22 Meter Höhe misst beispielsweise die Alexander-Statue. »Gegossen wurde die Bronzestatue in Italien und dann in Einzelteilen hergeschafft«, erzählt Robert Alagjozovski »nd«. Er ist Schriftsteller und Verleger. Er war von 2017 bis 2018 Kulturminister und hatte sich daher beruflich mit den Hinterlassenschaften von »Skopje 2014« zu befassen. »Über Ästhetik mag man streiten«, sagte er mit spöttischem Lächeln am Rande eines Theaterfestivals. »Was wir als Bürger aber vermissen, ist eine Rückkehr der veruntreuten Gelder«, fügte er mit ernstem Gesicht hinzu.

Tatsächlich ist der Auftraggeber der frühere Premierminister Nikola Gruevski in diversen Korruptionsverfahren verurteilt worden. Der Haftstrafe entzog er sich aber durch die Flucht nach Ungarn. Jetzt sind die pompöse Statue, der Triumphbogen à la Napoleon und auch zwei Riesenschiffe auf dem Fluss Vardar die Zeugen einer Imponier-Orgie mit öffentlichen Geldern.
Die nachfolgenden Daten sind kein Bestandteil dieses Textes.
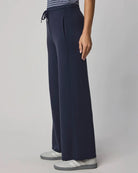 Navy blue pants worn by a person on a gray background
Ursprünglich waren es sogar drei Schiffe, die spanischen Galeonen nachempfunden waren. Nur eines ist eine Dekade nach der Einweihung überhaupt noch als Restaurant und Hotel in Betrieb. Ein zweites gammelt als Ruine vor sich hin, ein drittes ist komplett verschwunden. Touristen belustigen all diese schrägen Akzente bei einer Balkanrundreise. Einheimische sind eher beschämt.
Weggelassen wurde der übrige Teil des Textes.